En nuestro pasado reciente, el franquismo, tras reprimir a monárquicos primero y a falangistas después llevó adelante su proyecto de desarrollo económico sin política y exento de conflictos sociales, esto es: la utopía pretendida por todas las ideologías, e imposible a medio plazo. Una sociedad donde se expande el consumo de masas no puede ser igual en valores que otra puramente mercantil o agraria, y mucho menos heroica y caballeresca.
Con la vorágine financiera de la era socialista del pelotazo, España parece acceder al limbo de los grandes de la economía europea y la sensación de la población es que todos vamos a poseer todo (las actitudes de “nuevos ricos”, el engreimiento sin base…). Una mentira que con la crisis se revelará trágica.
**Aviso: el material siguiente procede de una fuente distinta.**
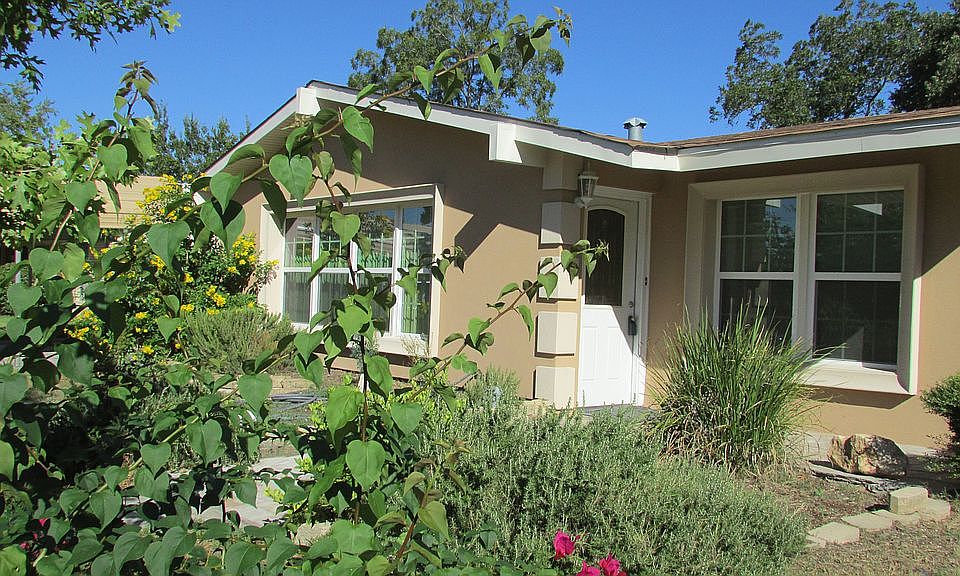 1st image of 4511 Waikiki Dr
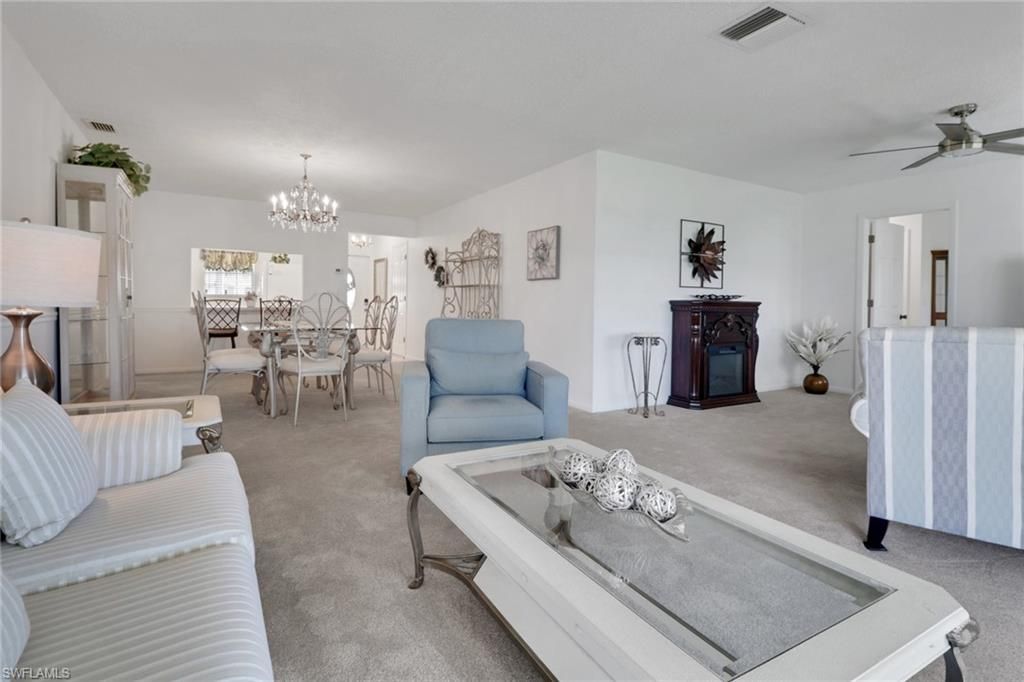 7032 Cedarhurst Dr, Fort Myers, FL 33919 Photo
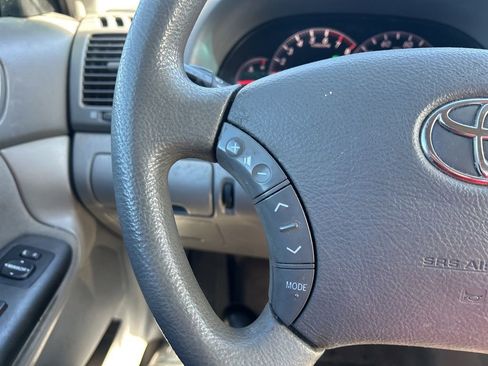 Used 2006 Toyota Camry LE image 23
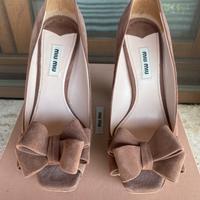 Decolte’ Miu Miu in camoscio Dark Rose n°37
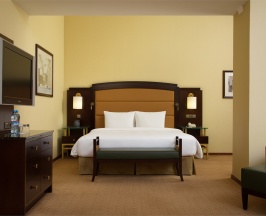 Угловой люкс в Hilton Moscow Leningradskaya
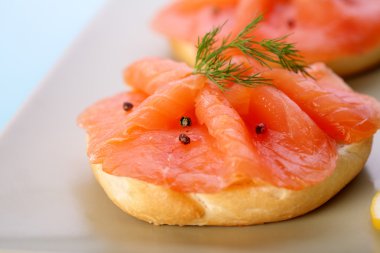 simit taze karabiber ile somon füme.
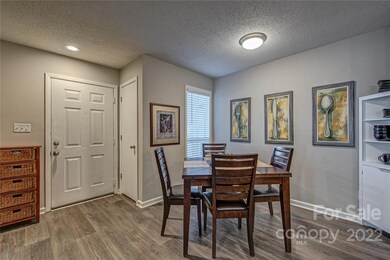 28 Hamiltons Harbor Dr unit 924, Lake Wylie, SC 29710 - photo 4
Ese tipo de sociedad no es una sociedad de valores, especialmente cuando estos son manipulados y arrinconados por la filosofía del porquero, o del capitalista puro y duro, el materialismo más vulgar y el hedonismo ramplón.
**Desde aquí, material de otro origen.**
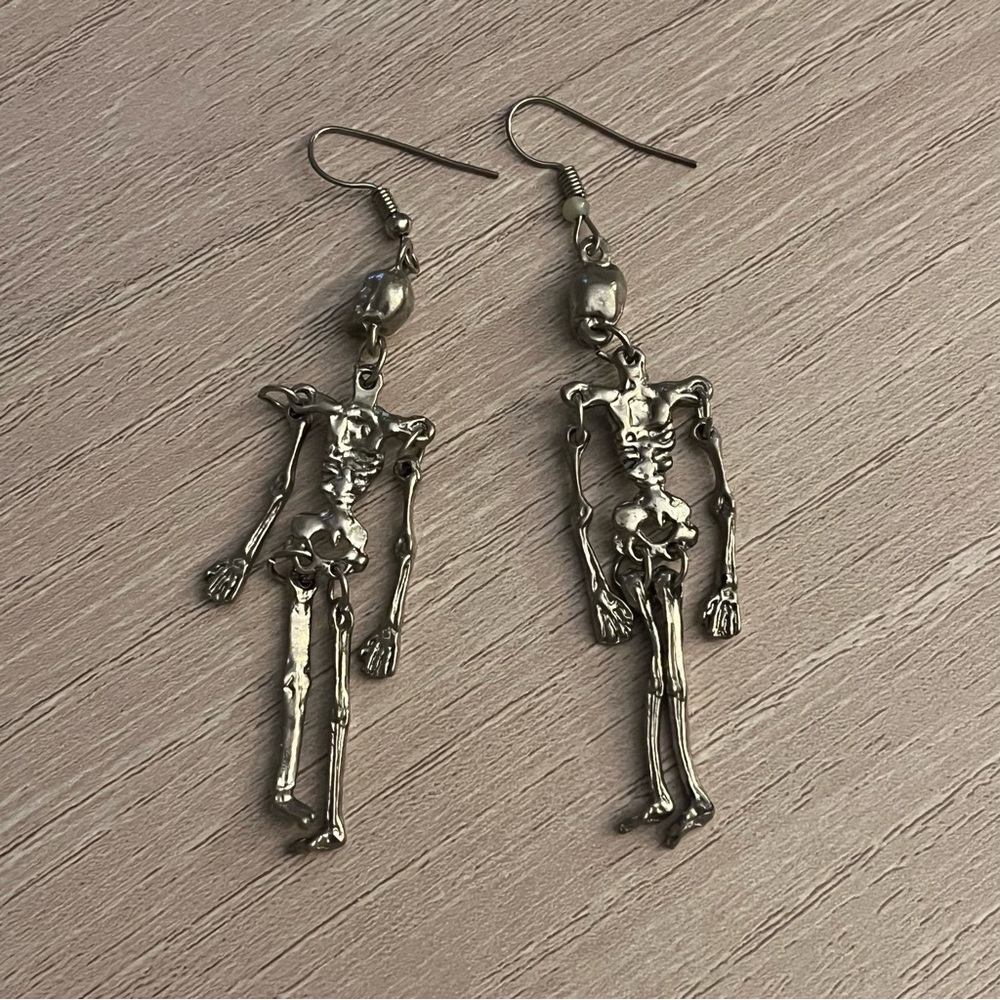 90’s Articulated Skeleton Earrings - Picture 6 of 6
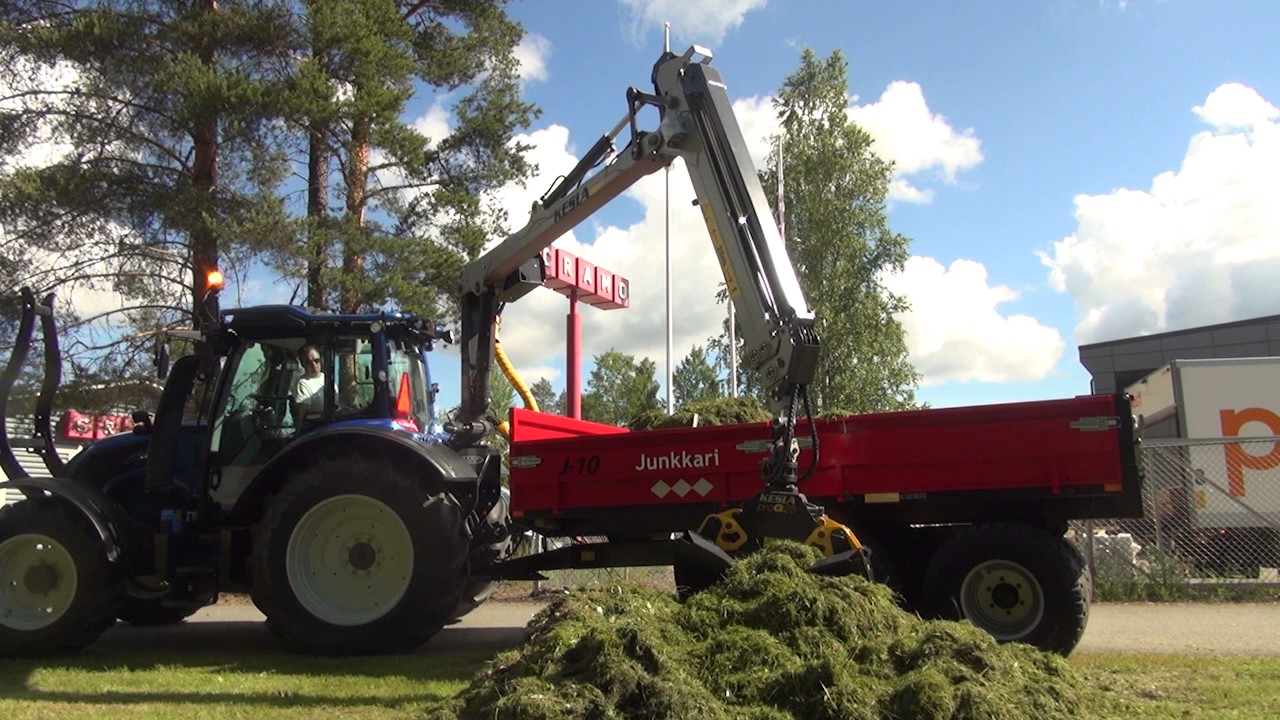 Collecting lawn waste with gravel buckets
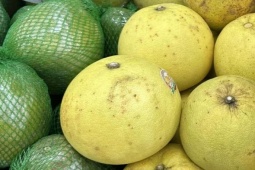 Bưởi hại gan, thận nếu ăn sai cách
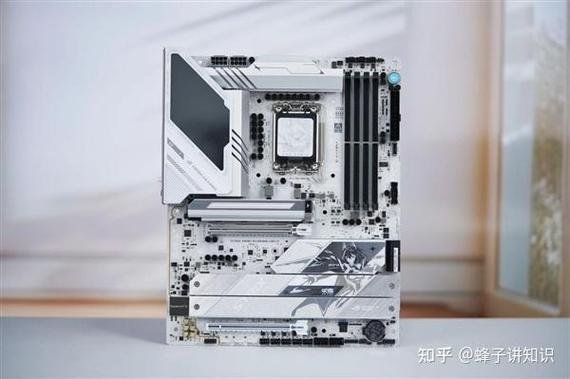 不同用户群体使用电脑的示意图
Mientras, ese vacío, esa ausencia, ha sido ocupada por lo “políticamente correcto”, progre y colaboracionista con el poder. Pero sobre todo irrumpe el nacionalismo como sustituto de todas las utopías totalitarias fallecidas y una nueva religión, la religión de la identidad construida a propósito, impoluta, radiante. La nueva fe inquisitorial, el nuevo método de compensación de complejos y frustraciones sociales, aliada con las fachadas democráticas, progres y “políticamente correctas”.
La falta de valores nos ha llevado a la carencia de cohesión social, y con los separatismos, al desapego por la unidad nacional, a la propia Nación, y a nuestra sociedad como elemento humano heredero de un vasto legado cultural, y arraigado en un territorio.
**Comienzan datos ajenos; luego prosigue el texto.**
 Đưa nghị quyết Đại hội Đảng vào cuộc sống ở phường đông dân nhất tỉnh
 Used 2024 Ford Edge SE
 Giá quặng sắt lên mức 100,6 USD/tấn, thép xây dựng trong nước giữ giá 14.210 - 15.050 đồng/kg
Cuando no hay valores reales, o tan sólo la apariencia de ellos, queda el campo libre a la generalización de la corrupción, la arbitrariedad, y el abuso, en completa impunidad. Justo lo contrario de una sociedad decente, con un Estado decente, que se afirmen en unas metas claras, un fin, un deseo de protección, progreso y ensanchamiento de la Nación y el Pueblo, en definitiva: patriotismo (que no nacionalismo, que es el voluntarismo narcisista de los que no son).
No hay más prescripción que la necesidad de potenciar una educación cívica de los valores en todos los ámbitos de la sociedad, enraizados en nuestro sustrato cultural e histórico, al amparo de las veleidades de las modas “buenistas” y “políticamente correctas” (subrepticiamente totalitarias) y la reformulación de los medios y medidas institucionales que son fundamentales en la configuración social; no es una cuestión economicista, sea progre o liberal.
El patriotismo, lo mismo que la honestidad personal, implica valores y creencias firmes. Sin ellos vence la apatía del “hombre sin atributos”, de la masa amorfa, indiferente (y con ellas la mentira y la ignorancia), que es una actitud psicológica adquirida por procesos y manipulaciones más o menos sutiles de adoctrinamiento que coloniza, con éxito, el separatismo nacionalista.